By way of explanation, my first thought would be to use iterators after getting the length, eg

std::istream_iterator< char> start( f); 
std::copy( start, start + sz, std::back_inserter( result));



but
1) istream_iterator isnt a random access iterator to which you can add fix the offset bytes you want to read.
2) alternatively you could use std::copy_n to fix the distance but it seems to be depricated.
3) and even if file is opened ios::binary whitespace is ignored for istream_iterator so it would skip valuable data. [edit] you can use std::istreambuf_iterator< char> start( f); but its still not random access


My collegue says that pascal string lengths are always one byte encoded. If they aren't then maybe use an oversized stack array for small pascal strings and then do an allocation using std::vector if large, something like this,





unsigned sz; // if len was encoded using 32 bit integer
f.read( (char *) &sz, sizeof( sz));

const unsigned small_sz = 256;
if( sz < small_sz) {
// if string is small then use stack buffer for speed
char s0[ small_sz];
f.read( s0, sz);
result.assign( s0, s0 + sz);
}
else {
// otherwise allocate dynamic buffer then assign to string
std::vector< char> s0( sz);
f.read( &s0[ 0], s0.size());
result.assign( s0.begin(), s0.end());
}




note that you have to be careful with endiness issues

[Edited by - chairthrower on October 9, 2008 10:12:50 AM]

Share this post


Link to post
Share on other sites
I don't know that there's all that much you can do with a std::string. Personally I'd be wary of storing multi-megabyte texts inside a string to begin with, it's just not what the container was designed for, and you'll have very little wiggle room for optimizations such as this.
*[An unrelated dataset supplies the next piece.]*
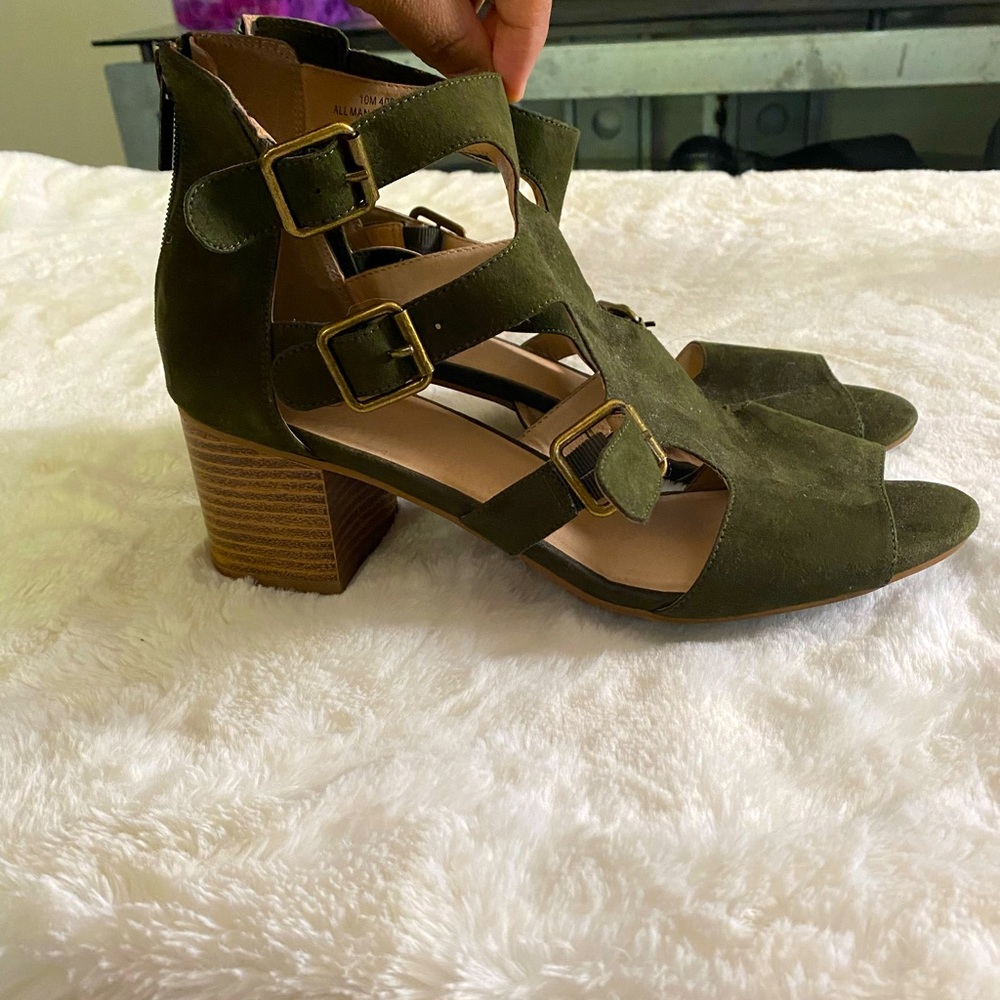 Catos short heel olive green shoes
Anyway, perhaps the best solution performance-wise without resorting to using other containers and file access methods would be to reserve the string space ahead of time, then read in the data in small chunks (something on the order of a kilobyte or so) and insert these into the string. There'll still be plenty of copying going on inside the stream and from the operating system for buffering purposes, but at least that way you'll be minimize the overhead and be cache friendly.

Either that or throw up a memory mapped file and return a set of pointers as iterators for the string. That way you'd avoid all unnecessary copying, remove one pass over the file, and speed up swapping. But I rather doubt that's necessary.

Share this post


Link to post
Share on other sites
There's a question here, and if there is a standard format for a Pascal string in a file, I apologise but I can't find anything on Google.

Is the string saved in text or binary format? I.e. is the length prefix in binary immediately followed by the text data, or is the length prefix encoded as text, followed by a space (or a colon, or a whatever), followed by the text data?

Nyarlath's code is treating it as text, chairthrower's as binary.

(Nyarlath - a stream's >> operator expects text-formatted data in the stream, even if the stream is opened in ios::binary mode.)

I am aware that in memory, a Pascal string has a binary length then the characters, but in a file, unless there is a standard I am not aware of, it depends how the file was written, and you need to know which it is to write code to read it in.

Share this post


Link to post
Share on other sites
Quote:

2) alternatively you could use std::copy_n to fix the distance but it seems to be depricated.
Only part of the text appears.